Women in Big Data Global



WiBD Technical Training Workshop at MapR: Apache Drill & Apache Spark

Women in Big Data

By Fauzia Chaudhry,

May 18, 2016

Neeraja Rentachintala leading an Apache Drill session

Let’s kick off this blog post with a numbers game, shall we? The answer is: 50+ women, who also happen to be data geeks!

Doing what, you’re wondering… that is the number of women who participated in the most recent technical training session organized by Women in Big Data forum. This all-day technical workshop on Apache Drill and Apache Spark was sponsored by MapR and held at their headquarters in San Jose on May 4th, 2016.

In the morning, we learned about the essentials of Apache Drill, including these topics:
• SQL on Hadoop landscape & where does Drill fit in
• Introduction to Apache Drill
• How Drill achieves flexibility & performance – Architecture overview

Interactive demos included:
• Using Drill to query files, Hive tables & HBase/MapR-DB
• ANSI SQL functionality (including queries on JSON, Parquet)
• Working with nested data using Drill
• Using Tableau (BI tools) with Drill

In the afternoon, we learned about the essentials of Apache Spark:
Introduction to Apache Spark
• Describe the features of Apache Spark
• Advantages of Spark
• How Spark fits in with the Big Data application stack
• How Spark fits in with Hadoop
• Define Apache Spark components

Load and Inspect Data in Apache Spark
• Describe different ways of getting data into Spark
• Create and use Resilient Distributed Datasets (RDDs)
• Apply transformation to RDDs
• Use actions on RDDs

James Casaletto giving an introduction to Apache Spark
James Casaletto giving an introduction to Apache Spark

The training session concluded with a demo of how to write a simple Spark application in Java.
Thanks to these speakers from MapR for their time and effort and making this a successful training event (greatly appreciated by WiBD members):
• Neeraja Rentachintala, Sr Director Product Management at MapR – Drill Session (Overview)
• Andries Engelbrecht, Partner Systems Engineer at MapR – Drill Session (BI connection)
• James Casaletto, Senior Curriculum Developer at MapR – Spark Session

What stood out for me after the morning training session on Apache Drill, as an ex-DBA I felt a little loss of power that typically comes with the role. On the bright side, from another perspective (wearing the Analyst/BI hat), I felt empowered and equipped to be more productive in a short amount of time. I am certain that once the training session was over, a lot of us couldn’t wait to get our hands dirty with the tools that were shared with us. You can access the slides here.

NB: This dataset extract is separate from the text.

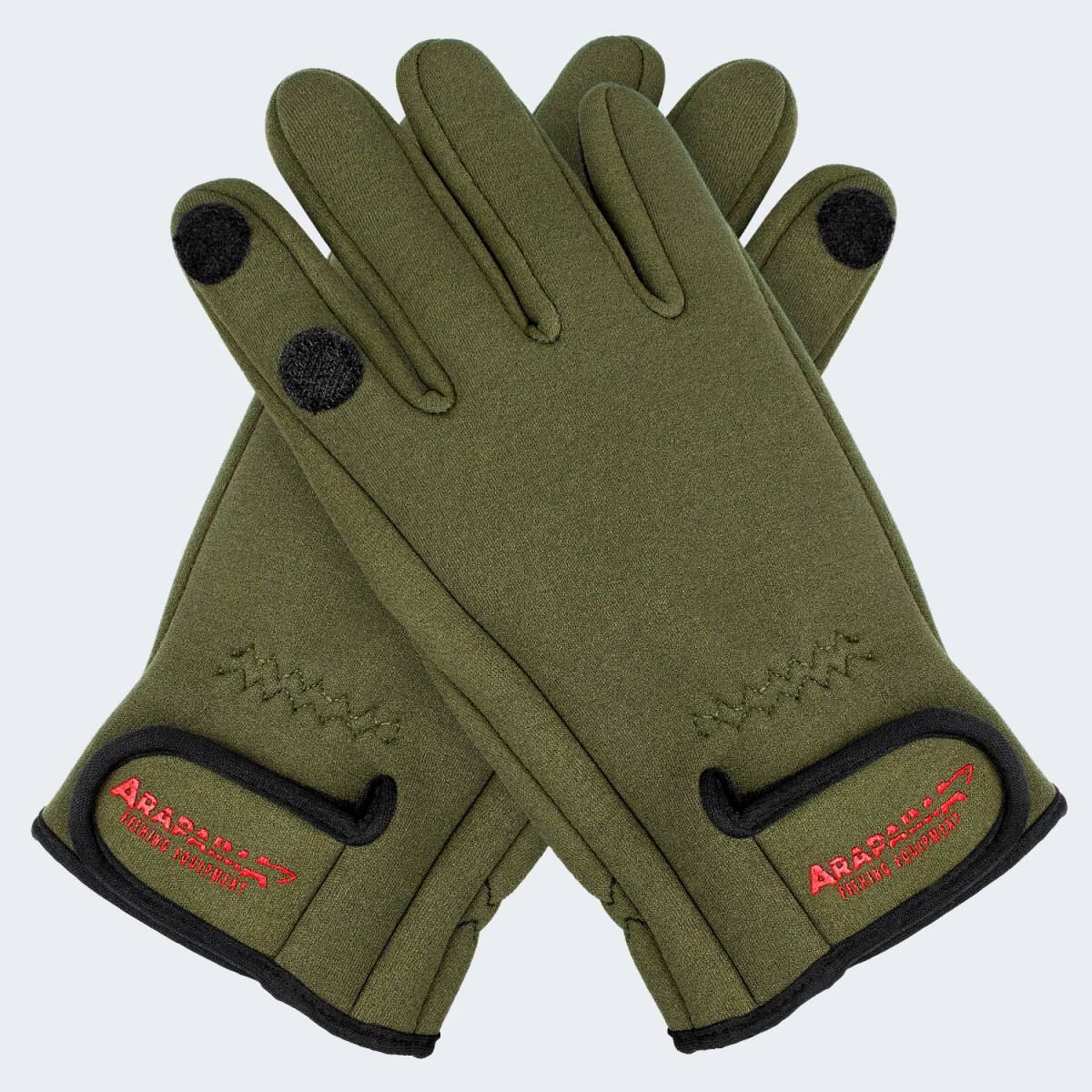 Arapaima Fishing Equipment Oliv Neopren Angelhandschuhe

Lunch networking with Ellen Friedman

Moreover, during the lunch break, we heard Apache committer Ellen Friedman speak to us about how the organizational culture is changing as the big data analytics tools evolve. We also got a glimpse of MapR culture from their HR, along with hiring opportunities. A common theme with past WiBD meetups was the presence of high energy amongst members and ample opportunity to network with each other.

A high-energy group!

Heartfelt thanks to Alicia Alvarez from MapR for being the glue that held everything together for this event on behalf of WiBD. And my fellow WiBD training committee members, especially Radhika and Yulia for all their hard work and making this technical training opportunity possible for the WiBD community members. I look forward to contributing with you for similar future events!